Here are five tips that can help you design multiple choice questions that are going to give you an accurate picture of training effectiveness:

  • Include charts or data as part of the assessment. By asking employees to look at and analyze a set of data or a chart, it’s going to ensure they’re more immersed in training. This method is also going to promote a higher level of thinking when it comes to answering a question. There may only be one right answer in a set of multiple choice options, but employees are forced to really think when it comes to uncovering that answer. In addition to charts, other visual elements including videos and photos can make useful tools to delve deeper into the level of comprehension of employees.

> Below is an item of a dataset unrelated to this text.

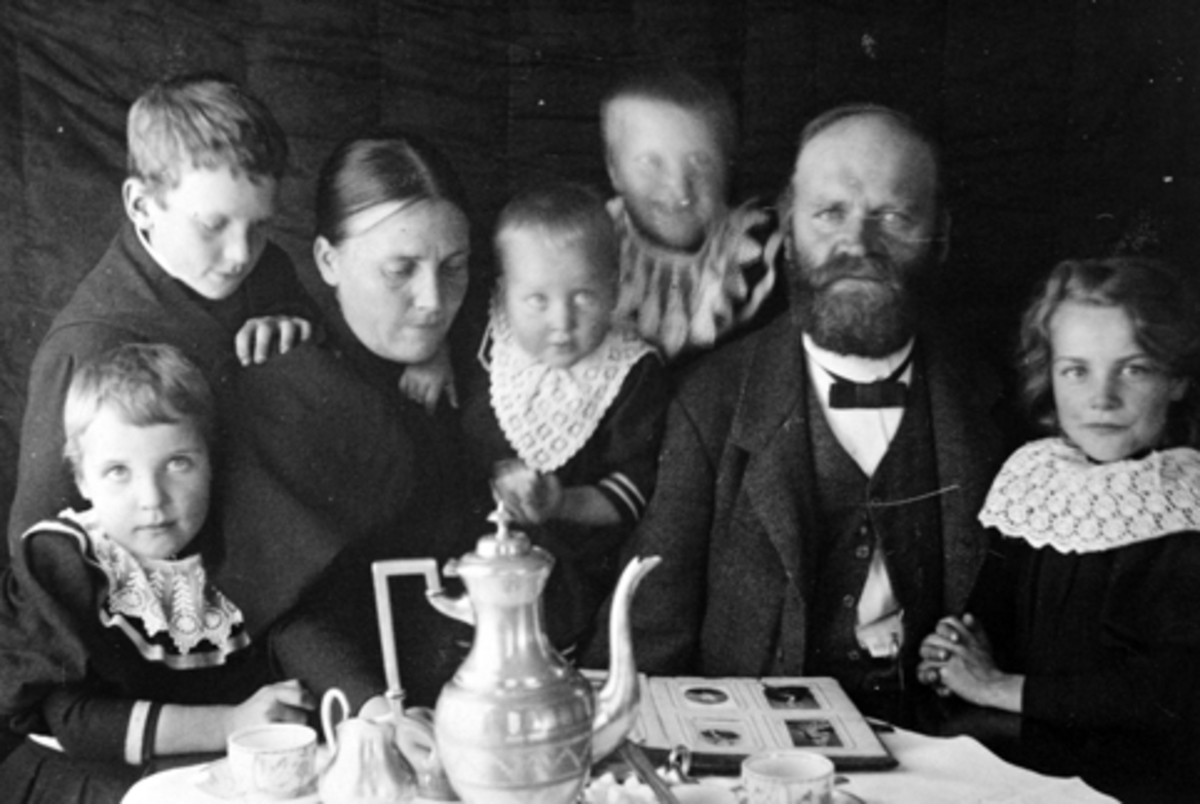 Anno Domkirkeodden, Simenstad gard i Veldre. Bnr. 138-1. Dina og Ansten Simenstad m/ barn. F. v. Dorthea f. 1890, Haaken f. 1886, Kristine f. 1892, Julie f. 1894 og Grethe f. 1888. Kaffebord, kanne, familien ser i fotoalbum. Ca. 1896.
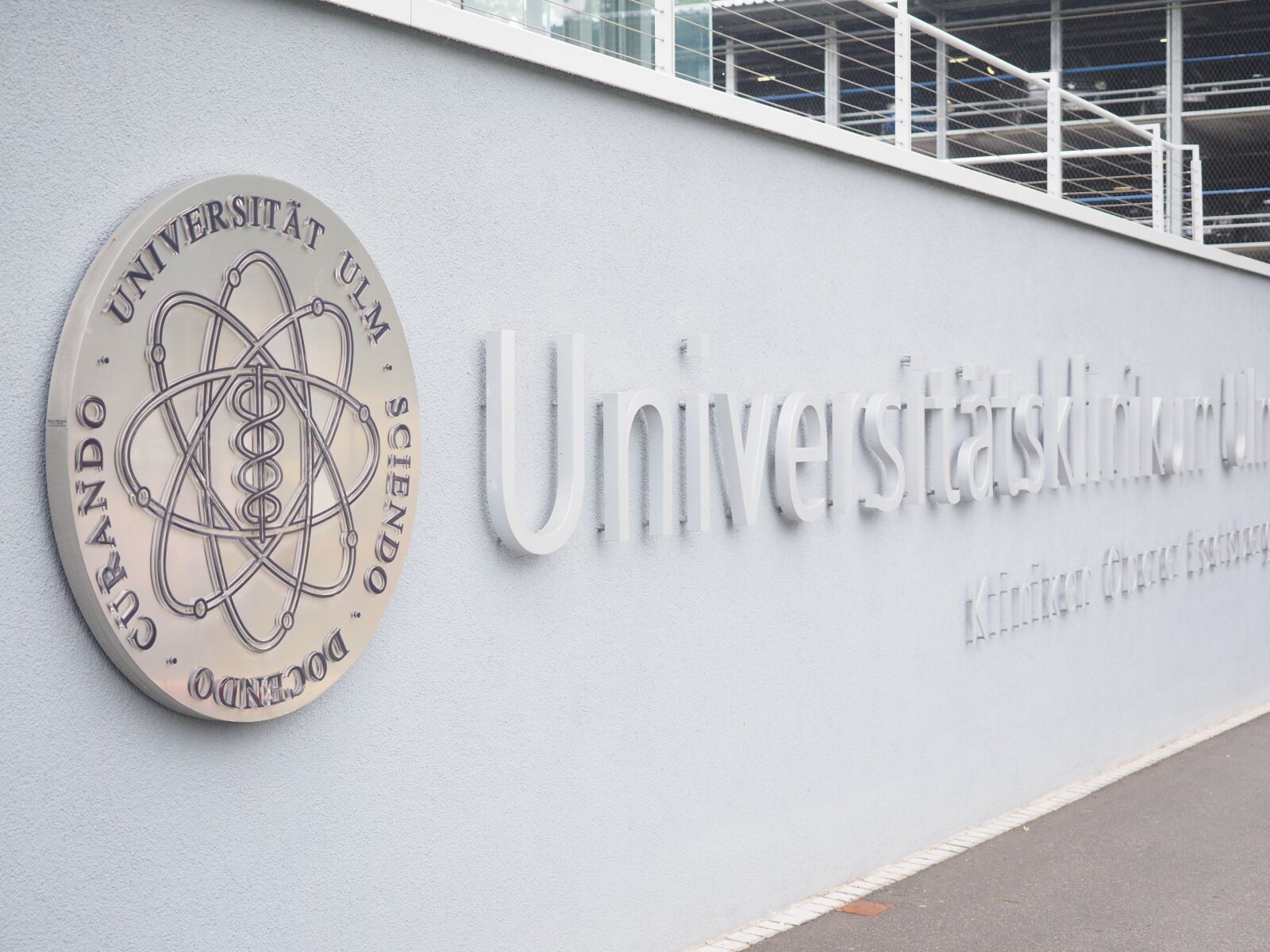 Olympus OM-D E-M1 + Olympus M.Zuiko Digital ED 12-40mm F2.8 Pro sample photo. University ulm, emblem, logo photography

  • Include real world scenarios. This is something that’s valuable throughout training. Make sure your questions incorporate real-life elements your employees face on the job.
  • Instead of traditional questions use a story as the question. Embed the actual question within a story. This requires employees to not only read and understand the story to understand the question, but it also requires that they analyze a particular situation. Rather than just choosing a right answer they’re looking at a unique situation and using critical thinking skills to determine the correct choice.
  • Create multi-level multiple choice questions, where respondents are not only asked to select the right answer but are also asked to go on to a second part of the question where they choose the reason.
  • Include several correct or plausible answers within a multiple choice questions, but ask employees to choose the one that’s the best. When there are multiple answers that could be correct, but only one that stands out above the others it’s going to promote a higher level of thinking than if there’s only one obviously correct answer and three that are blatantly incorrect.

Do you use multiple choice questions in your e-Learning assessments? How do you make sure they’re gauging the real comprehension of your employees?